:: DATA EXTRACT

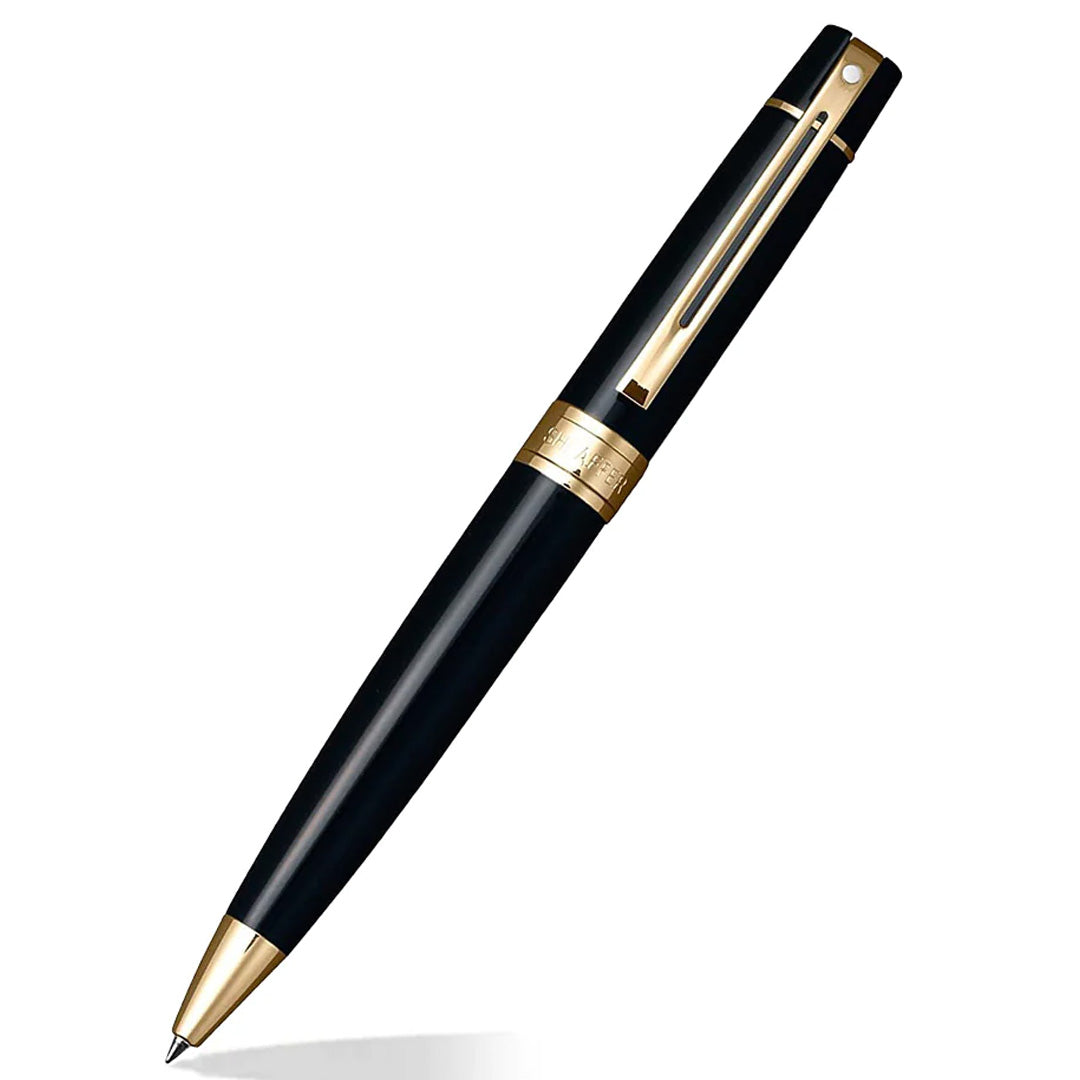 Sheaffer 300 G9325 Ballpoint Pen Glossy Black With Gold Tone Trim With Credit Card Holder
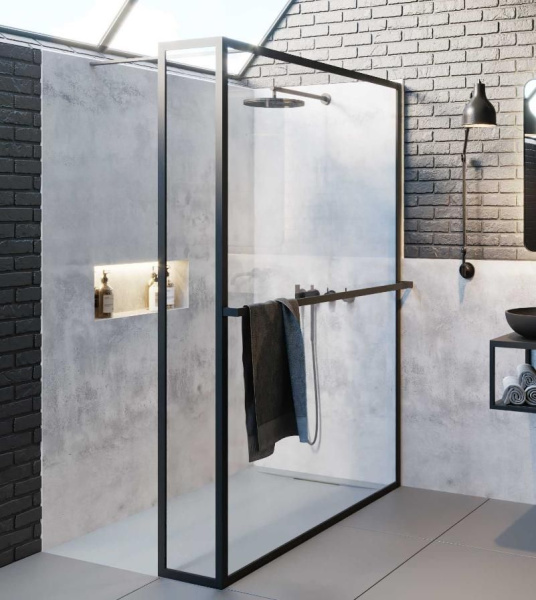 Душевая перегородка Riho Lucid GD402 90 GD409B030 черный матовый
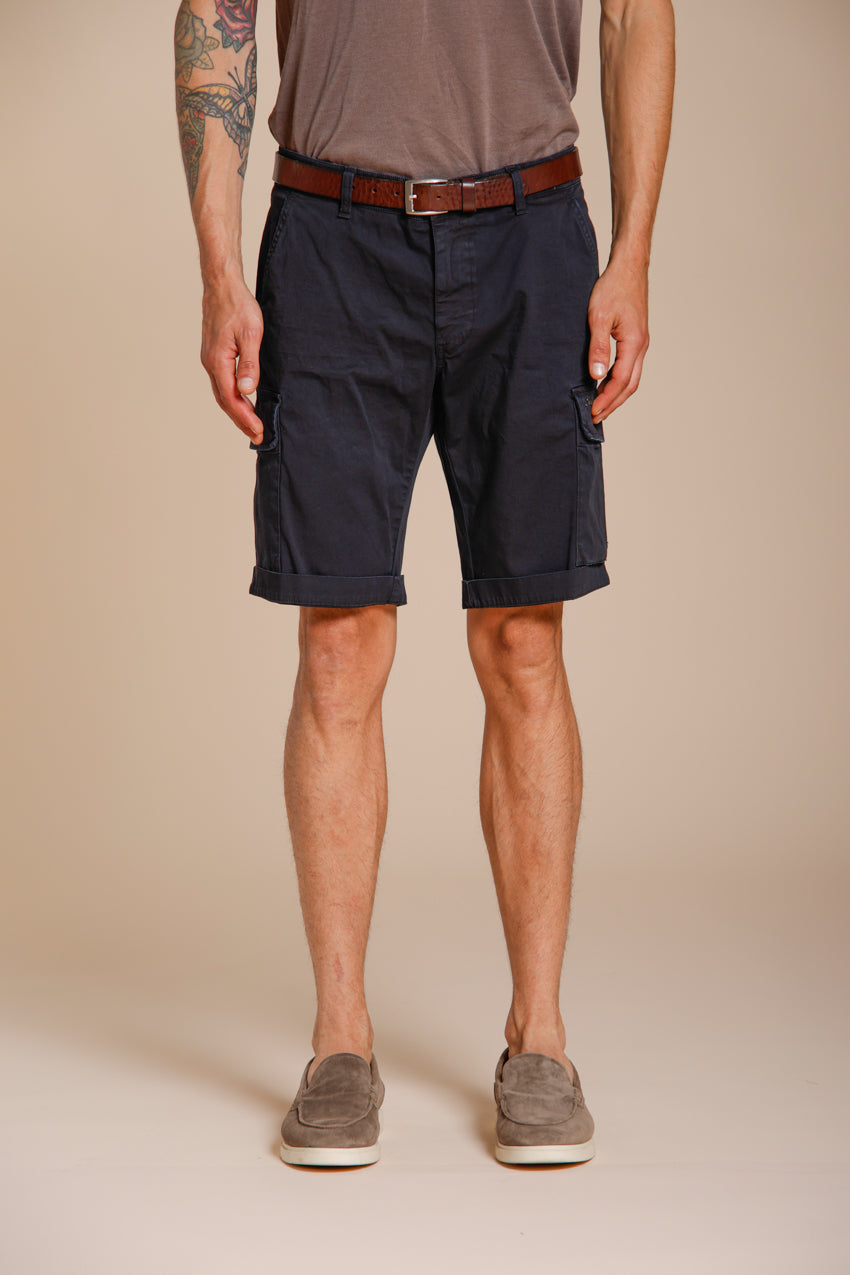 Chile men's cargo bermuda in stretch satin slim fit ①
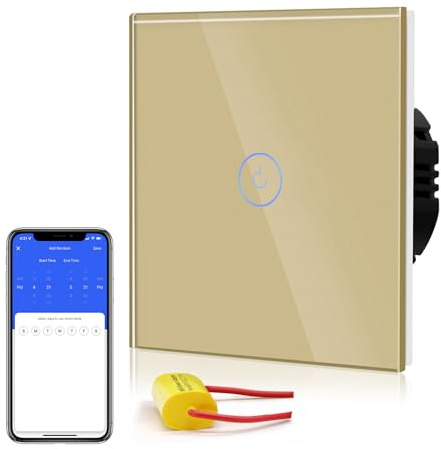 BSEED Smart Alexa Wlan Lichtschalter Ohne Neutralleiter, WIfI Touch Schalter aus Glas, Alexa und Google Home Work mit Tuya, 1 Fach 86mm Gold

::::

■ PROBLEM STATEMENT: Copy out every line of the material above precisely, omitting the pictures.

■ RESPONSE BELOW:
 Sheaffer 300 G9325 Ballpoint Pen Glossy Black With Gold Tone Trim With Credit Card Holder
 Душевая перегородка Riho Lucid GD402 90 GD409B030 черный матовый
 Chile men's cargo bermuda in stretch satin slim fit ①
 BSEED Smart Alexa Wlan Lichtschalter Ohne Neutralleiter, WIfI Touch Schalter aus Glas, Alexa und Google Home Work mit Tuya, 1 Fach 86mm Gold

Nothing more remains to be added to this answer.